Après m'être rincée tout le corps à l'eau et au savon et avoir séché mes cheveux rapidement avec une serviette, de l'eau a commencé à couler de mes cheveux. Comme elle tombait juste sous mes yeux, je n'arrivais pas à savoir si c'était moi ou mes cheveux qui en avais eu.





« Je crois que je peux respirer alors… »





Je ne t'en veux pas d'être abandonnée une fois de plus par ce maudit monde. J'aurais pu t'en vouloir d'être abandonnée par les miens, mais jamais par lui. C'était peut-être insensé, mais je n'aurais pas osé te haïr, toi avec qui j'ai passé ma plus précieuse jeunesse. Ah, notre relation, que je commence à peine à définir, mes sentiments pour toi…

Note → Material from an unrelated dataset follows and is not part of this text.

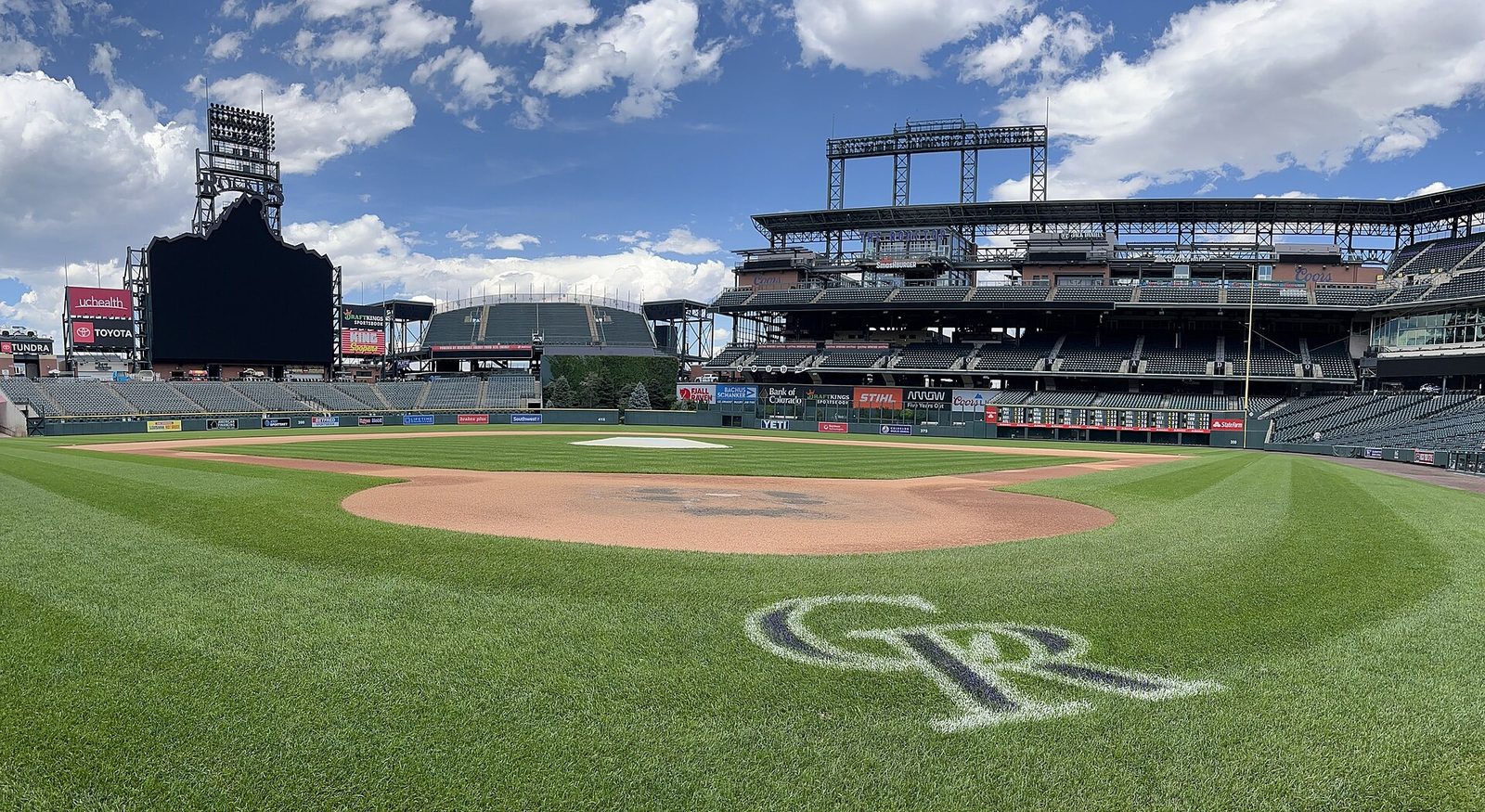 A wide view of Coors Field from behind home plate on a sunny day, with the Rockies logo mown into the grass, the empty green seating bowl and the scoreboard under white clouds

C'était un peu plus profond que l'amitié, un peu plus vague que l'affection. C'était rien de plus. Au-delà de ces sentiments, tu étais clairement mon univers. Mes lèvres étaient amères tandis que je contemplais pour la dernière fois ce récipient gris, jadis empli d'émotions étranges. J'ai dit adieu à mon univers, priant pour que, si jamais nous nous revoyions, tu te souviennes de moi en premier. « Adieu, mon merveilleux univers. » Grâce à toi, je n'étais pas seul. Grâce à toi, j'ai tant appris, et maintenant j'apprends à me débrouiller seul. Même si nous ne nous souvenons plus de nos visages, je me souviendrai toujours de nos noms. J'espère sincèrement que cette relation insignifiante, dont certains pourraient se moquer, prendra fin un jour. D'ici là, j'espère sincèrement que nous serons meilleurs que quiconque. Ainsi, mon temps ne sera pas gâché. Moi aussi, je lutterai pour vivre. Je ferai de mon mieux, pour que le temps que tu as passé à être mon univers n'ait pas été vain. Merci. Je suis encore si reconnaissante, et je le serai toujours. Ah, voilà pourquoi je parais si pathétique. Je ne voulais vraiment pas être comme ça…





«…Bonjour, mon monde.»





Ce n'est qu'à l'âge adulte que j'ai enfin trouvé le courage de dire adieu à mon monde. Alors, j'ai tourné le dos à ce conteneur rouillé, qui aurait pu s'effondrer à tout moment. Je savais que ce n'était pas un adieu parfait. L'anneau d'argent gravé de son nom brillait encore à mon cou. Peut-être que l'anneau gravé du mien brillait aussi à son cou. Je croyais que c'était une sorte de promesse tacite, la promesse de nous reconnaître un jour.